Targeted – Most intrapreneurial teams perform deep dives into the organizations’ existing product lines and its service offerings. An insightful book that serves as a how-to guide to do so is “Inside the Box: A Proven System of Creativity for Breakthrough Results.” The authors describe a formulaic, systemic approach to problem-solving innovation processes and outcomes.

Using best-practices methods like “systematic inventive thinking,” the inventors, entrepreneurs and intrapreneurs who create and commercialize innovation best do so by constraining their creative options – looking at improving existing product lines and service offerings with innovative, incremental changes – instead of looking into the infinite possibilities that exist in the marketplace.

Organizations of all sizes employ talented people. Many people possess creative, problem-solving innovative solutions that can be commercialized into marketable products and in-demand services. So, it is incumbent on organizations to unleash their employees to perform to the best of their abilities. This can be done by planting and growing entrepreneurial teams inside the organization in the form of intrapreneurship. Once that occurs, organizational leadership should get out of the way of their intrapreneurs and let them perform as intended. When that happens, organizations are able to advance in producing the value customers require and the results organizational leadership demands.

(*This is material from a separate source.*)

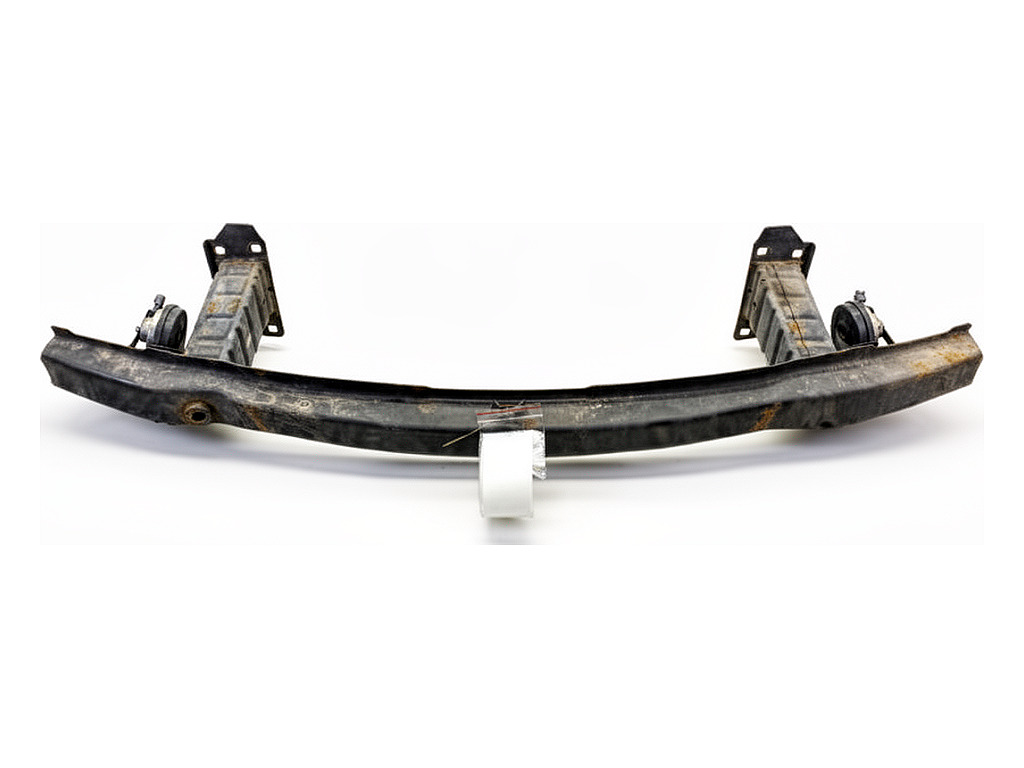 [STARK-930740] Barra de parachoques delantera BMW Serie 3 Touring (E91) 2004-2012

I am convinced your organization can succeed with intrapreneurship. This is why I recommend being FAST in your approach. Being FAST positions your organization to pursue and achieve success in the fourth Industrial Revolution. By surviving – and hopefully thriving – in 4IR, your organization can enter the fifth Industrial Revolution (approximately 2030-2040), when satellite mobile communications make the world a village and holograms, augmented reality, avatars and the Age of Singularity become the new world order.